Aux yeux de Joe Biden, les choses sont claires. L'accord sur Gaza, dévoilé mercredi après des mois de négociations, est le fruit des efforts de son administration. «Cet accord repose sur un plan que j'ai présenté en mai», a déclaré le président depuis la Maison-Blanche. Lorsqu'une journaliste lui a demandé si son successeur, Donald Trump, méritait également un certain crédit, le président démocrate sortant a répondu:
Trump, quant à lui, estime avoir brisé le blocus des négociations au Qatar. C'est uniquement grâce à sa «victoire historique» lors des élections présidentielles que les armes vont bientôt se taire à Gaza, a écrit le futur président en substance sur son site Internet.
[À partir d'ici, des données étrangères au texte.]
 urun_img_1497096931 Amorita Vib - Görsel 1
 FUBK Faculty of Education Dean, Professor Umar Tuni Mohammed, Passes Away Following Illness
Il est vrai que Biden et Trump ont tous deux une part de responsabilité dans l'avancée des négociations au Qatar. Bien qu'ils ne puissent pas se supporter personnellement, les deux présidents ont tiré sur la même corde ces derniers jours — notamment pour obtenir la libération des trois otages américains encore en vie, détenus depuis le 7 octobre 2023 par le Hamas.
Cette coopération a été rendue possible par la bonne entente entre deux des figures les plus influentes de l'entourage de Biden et de Trump. Jake Sullivan, conseiller à la sécurité du président actuel, et Mike Waltz, qui lui succédera à partir de lundi, ont trouvé un moyen de surmonter le fossé politique entre démocrates et républicains.
Depuis novembre, Sullivan et Waltz sont en contact régulier l'un avec l'autre. Ils voulaient éviter que les Etats-Unis ne se rendent vulnérables pendant la phase de transition entre les deux présidents. Les deux responsables de la politique de sécurité échangent donc des informations sur la situation en Syrie après la chute de Bachar al-Assad ou sur la situation sécuritaire en Amérique après l'attentat terroriste de la Nouvelle-Orléans la nuit du Nouvel An.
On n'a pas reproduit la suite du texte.